Set foot on one of the world’s most remote islands

Pick any one of the trio of Saint Helena, Ascension Island and Tristan da Cunha — if you make it to any, we’re impressed, but particularly the latter. Be warned: there are no organised tours, and tales abound of keen travellers coming thousands of miles, only to be frustrated by high seas making it impossible to make landfall.

Saint Helena, a dot on the map in the middle of the Atlantic, one of the most remote, least-accessible places in the world. It’s part of a trio of islands governed together — the British Overseas Territory of St Helena, Ascension and Tristan da Cunha. Each is a tiny, volcanic speck, thousands of miles apart from each other, and even further from Africa to the East and South America to the West.


A tour of Greenland

The world’s largest island — assuming that you’re happy to count Australia as a continental land mass – is unexpectedly fascinating. Tourism is picking up — expect to sail through dazzling fjords, go on a husky safari and fly over towering glaciers.

Rafting among the icebergs at Scoresbysund, Eastern Greenland.


Visit a true desert island

It may not feel like it, but there are uninhabited islands everywhere — you’ll be able to do so in the Isles of Scilly or the Outer Hebrides for starters. That said, one in the South China Sea or South Pacific would be more exotic and deliver those Mutiny on the Bounty / Robinson Crusoe vibes. But remember — as the phrase goes — make sure you leave only footprints.

Rarotonga Island, one of the Cook Islands, with the Muri beach and lagoon in the foreground.

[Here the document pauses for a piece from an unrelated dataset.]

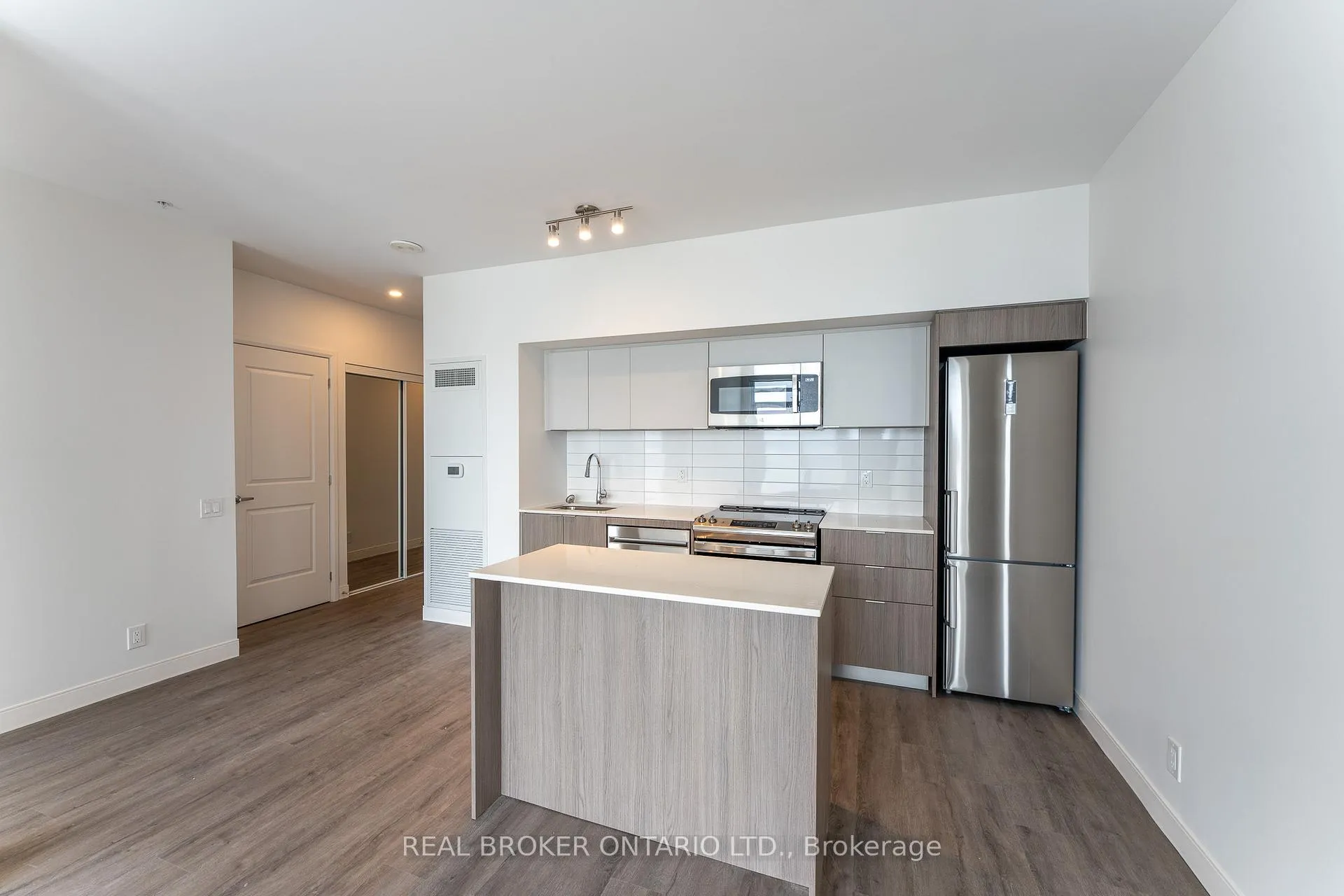 Photo 23 of Unit 901, 8 Hughson Street N, Hamilton, Beasley — HOMEH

Trek through virgin jungle

The Amazon, Borneo or the heart of Africa are among your options, should you wish to live out your Indiana Jones fantasies — but be careful where you step, for these can be dangerous places. Take the Darien region, for example — this is mountainous and unforgiving terrain with no infrastructure at all (there’s no river and no road, despite there being just 100 miles between the southernmost Panamanian settlement and the northernmost Colombian one) full of tales of bandits and hardened criminals preying on the unwary.

The Darien jungle, straddllng the border between Colombia and Panama where South America meets North America.


Take a great train ride

The Trans-Siberian is top of the list for length and the Rocky Mountaineer in Canada the best for sustained, staggering scenery, but you needn’t go quite so far if time and budget are a problem. The West Highland Railway and the Norwegian lined between Oslo and Bergen are both breathtaking as well.

The Flam-Myrdal railway in Norway, running between Oslo and Bergen, is an unbelievably beautiful place and surprisingly easy to get to.


An Antarctic Odyssey

Tourism is becoming surprisingly popular to Antarctica, with many now plying the route between Tierra del Fuego and the Antarctic Peninsula, which juts out from the landmass into the Southern Ocean. Few trips head into the Antarctic Circle, though with scenery such as this you’re unlikely to be too worried about such technicalities.

The Yalour Islands, Antarctica. These islands are just off the Antarctic Peninsula, which stretches out int o the Southern Ocean towards Tierra del Fuego.


Climb up to Everest Base Camp

If you think that ‘only’ going to Base Camp won’t tax you, think again: it’s at 17,500ft (altitude-related effects, for most people, begin at 10,000ft) and offers a real sense of the excitement and adventure of the Roof of the World.

Mounts Everest and Lothse, en route to Everest Base Camp.